22.112 According to AIFS it could be argued that, for the sake of any children involved, all cases deemed inappropriate for FDR deserve a rapid and informed response if parties subsequently pursue legal avenues to resolve their dispute. As noted above, AIFS has suggested that the s 60I certificate signal, which is currently rarely acted upon, could be amplified if the s 60I certificate categories were simplified from the existing five to three categories, one of which could indicate that the matter was not suitable for FDR. This suggestion involves removing the s 60I certificate categories relating to whether or not the parties have made a ‘genuine effort’ to resolve their dispute through FDR. AIFS notes that interviews with dispute resolution practitioners undertaken for the AIFS evaluation indicated that most FDR practitioners regard the ‘genuine effort’ categories as problematic—‘mainly because they introduce a level of judgment about client motivation that is seen as largely incompatible with the role of an FDR [practitioners]’.
22.113 In its submission, National Legal Aid argued that, rather than diluting the current confidentiality of the FDR process, adequate resources need to be provided to the family law courts for screening and assessment and for timely and appropriate determination of these matters. National Legal Aid has also suggested appropriate education for registry staff, family consultants, and judicial officers on the need for screening and risk assessment where a certificate that a matter was inappropriate for FDR is issued. A further suggestion is that an amendment to the s 60I certificate could be made to include an optional alternative clause in the certificate allowing the FDR practitioner to recommend that the court conduct screening and risk assessment in the matter. This would draw the court’s attention to the existence of issues such as family violence as a factor for consideration in their case management process.

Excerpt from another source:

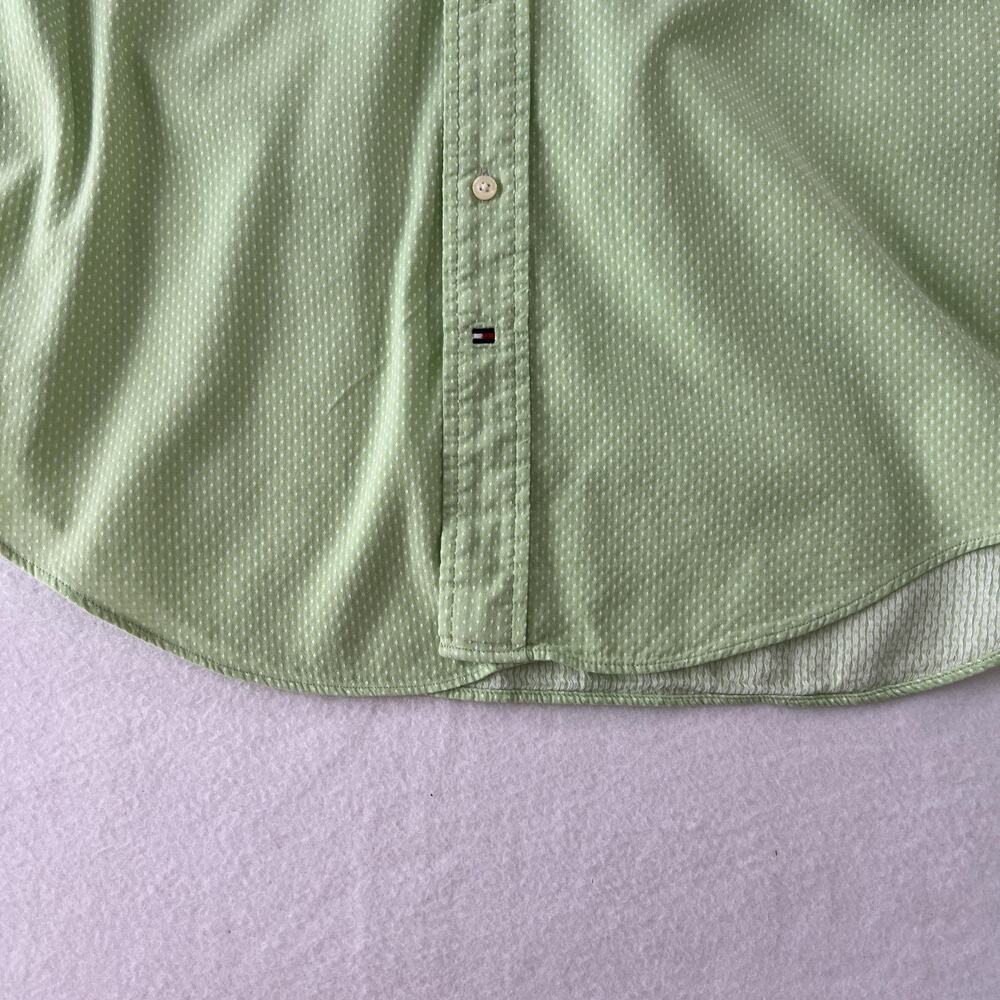 Vintage Tommy Hilfiger Shirt Mens Medium Green Dot Button Down Cotton Casual LS - Picture 4 of 14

22.114 The Commissions accept that requiring FDR practitioners to perform a forensic role for the purpose of including additional information, as proposed, will change the role of FDR practitioners, and that this is undesirable.
22.115 The Commissions note concerns about reluctance of some Indigenous women to disclose family violence. Considerations relating to factors inhibiting disclosure are also relevant in relation to CALD women. The various factors which affect the identification of family violence experienced by Indigenous and CALD women, including reluctance to disclose, may be better addressed through culturally sensitive screening and risk assessment at appropriate times through the course of proceedings. The Commissions do not consider that an option to provide more detailed information on s 60I certificates will adequately address these concerns or remove the need for ongoing screeningthrough subsequent legal proceedings.
22.116 The Commissions accept that the recording of information about family violence on a s 60I certificate may be an incentive for perpetrators to conceal family violence in FDR; it may also discourage victims from disclosing violence. The Commissions are concerned, therefore, that compromising confidentiality of FDR communications by allowing additional information about family violence to be included on s 60I certificates, as proposed, may result in unsafe arrangements and agreements being made, and so place victims and potential victims of family violence at risk.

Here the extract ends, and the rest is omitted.